PROVIDED MATERIAL Start Marker

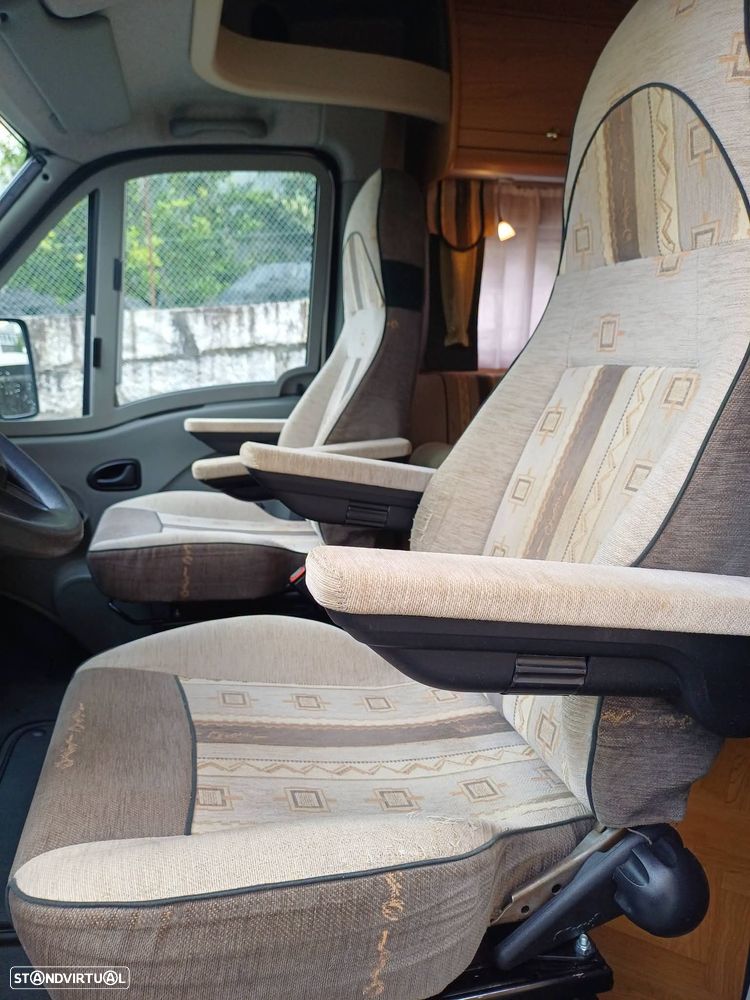 Renault Master Burstner Delfim T680 - 32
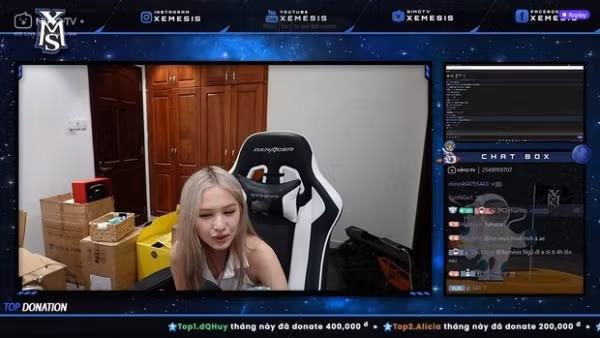 Mới đây, trong một buổi livestream với người hâm mộ của Xemesis, Xoài Non đã chiếm trọn spotlight và cho anh chàng ra rìa khi xuất hiện đầy xinh đẹp cùng cách nói chuyện gần gũi, dễ thương của mình.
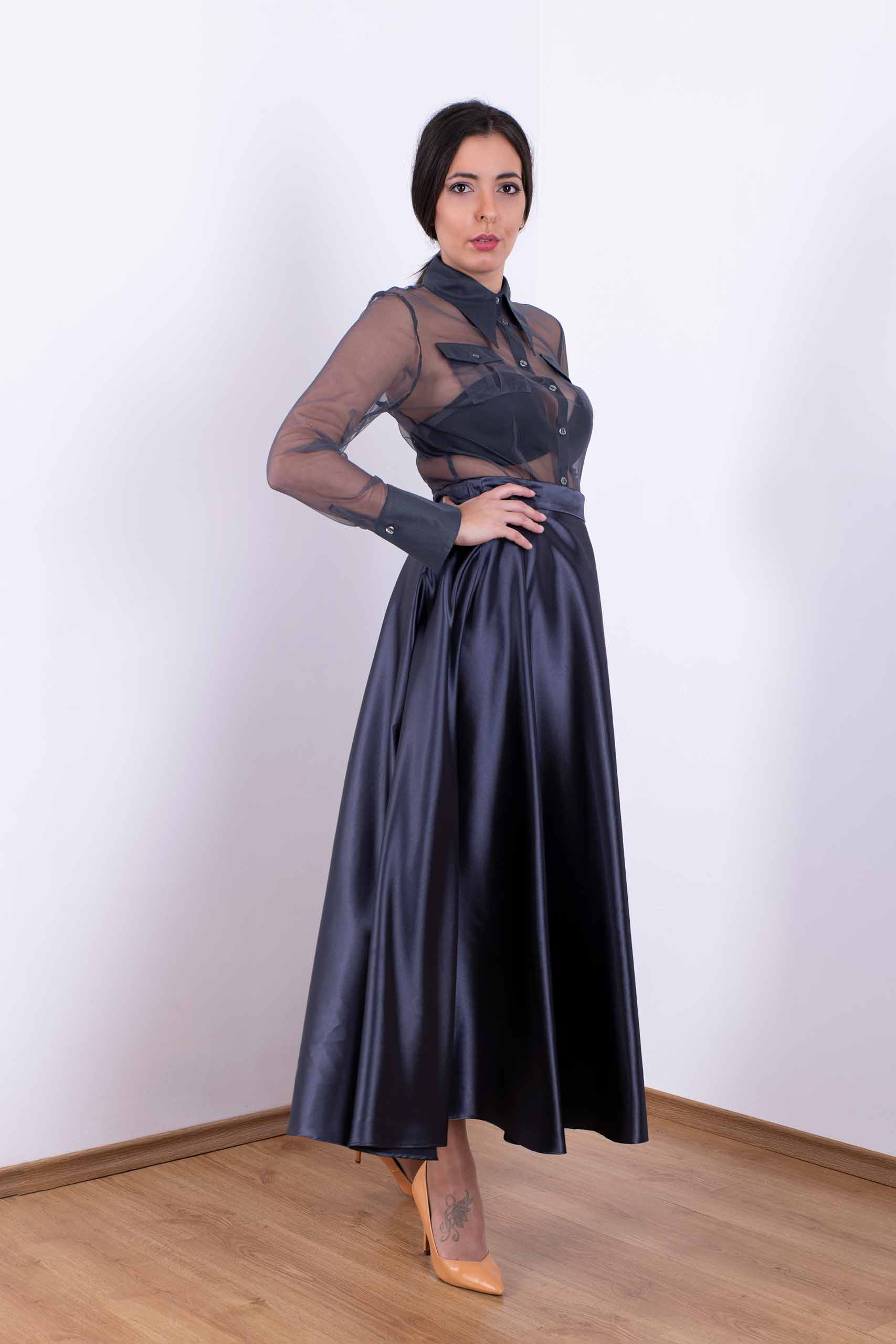 Long cloche skirt in grey satin Long cloche skirt in grey satin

PROVIDED MATERIAL End Marker

* _BRIEF_:
For this exercise, retype exactly, and only, the lines from the line with "Mới đây, trong" through the last line of the material above, both included. Pictures stay out.

* _REPLY_:
 Mới đây, trong một buổi livestream với người hâm mộ của Xemesis, Xoài Non đã chiếm trọn spotlight và cho anh chàng ra rìa khi xuất hiện đầy xinh đẹp cùng cách nói chuyện gần gũi, dễ thương của mình.
 Long cloche skirt in grey satin Long cloche skirt in grey satin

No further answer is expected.